City in Central Department, Paraguay

Villeta is a city of Paraguay in the Central Department, on the banks of Paraguay River. It is an important industrial center and port.

==Toponymy==

The city was founded on March 5, 1714, by Juan Gregorio Bazán de Pedraza, with the original name of San Felipe de Borbón del Valle del Bastán (Saint Philip of Bourbon of the Valley of Bastán), in homage to the King Felipe II. It was later renamed Villeta because of its resemblance to a great Villa.

==Villeta's port==

The port is administered by the National Administration for Navigation and Ports (ANNP), and is specially equipped for the handling of heavy machinery. Many different kinds of merchandise are traded through this port. In Villeta, there's also the Caacupé-mí Port, one of the most important private ports in Paraguay.

Characteristics:

- Villeta port terminal: 35 kilometers south from Asunción
- Area: 13.5 hectares
- Pier: 435 meters
- Platform: 25 meters
- Depth: minimum 10 feet, 365 days a year
- Facilities: 6 hectares of beaches and paved roads
- Covered warehouse: 0.3 hectares (100 X 30 meters)
- Free zone: Bolivian governed, for merchandise in transit

==Climate==

The temperature in summer sometimes reaches 40 °C or higher. The minimum in winter is 0 °C. The average for the entire Central Department is 22 °C. The city is located in one of Paraguay's departments with the most rainfall during the months from January to April; and the least during the months from June to August.

==Demographics==

The total population of the city is 36,228 inhabitants, 18,362 males and 17,866 females, according to the data from the General Directorate of Statistics, Polls and Census.

==History==

Villeta was founded in 1714 by the Governor Juan Gregorio Bazán de Pedraza.
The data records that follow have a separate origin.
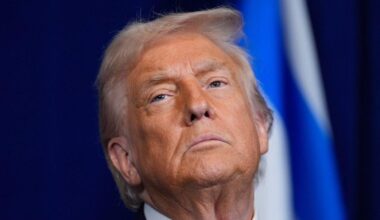 Trump issues first vetoes of his 2nd term, rejecting Colorado water project and Florida tribal bill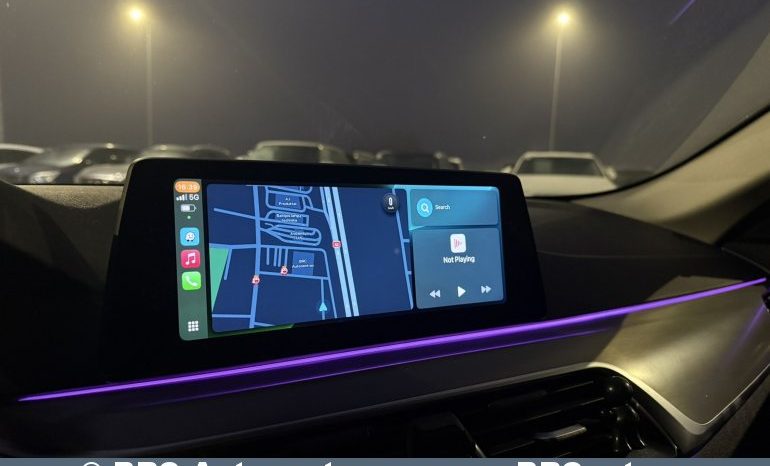 BMW 520 d Sport-Line Wagon Automatas 2017 full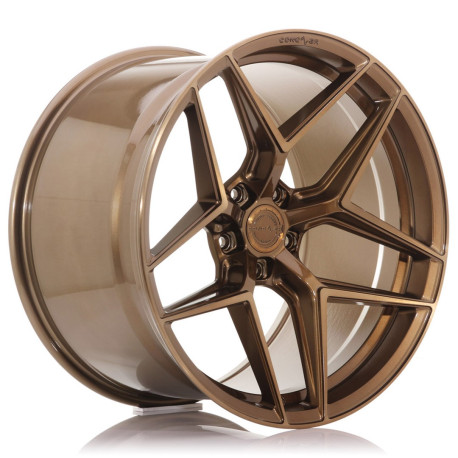 Aluminium wheels Concaver CVR2 20x10 ET35 5x112 Brushed Bronze | race-shop.si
During the government of Dr. Francia, the city became an important conduit for communication with other countries, making the economic development of the district possible.

==Economy==

Until 1930 the city was famous because of activity at the port, mostly the export of oranges. Today the port is used for multiple purposes.

Villeta's port on the banks of the Paraguay River is the shipping point for most of Paraguay's exports. Nineteen large factories located in the area produce cement, iron rods, cotton, electric cables, and agricultural chemicals, and other activities. The cement and chemical plants are infamous for the environmental contamination they cause.

The major processing plant for Paraguay's cement industry is located in Villeta.

==Tourism==

Located in the Gran Asunción Area, there are several historic buildings in the city of Villeta. The Church of the Virgin of the Rosary (Virgen del Rosario), built during the period of the Paraguayan War also served as a Hospital, and is one such edifice. The architecture of the church is an example of the distinctive characteristics of 19th-century art in Paraguay, especially in the murals painted by Adán Kunos.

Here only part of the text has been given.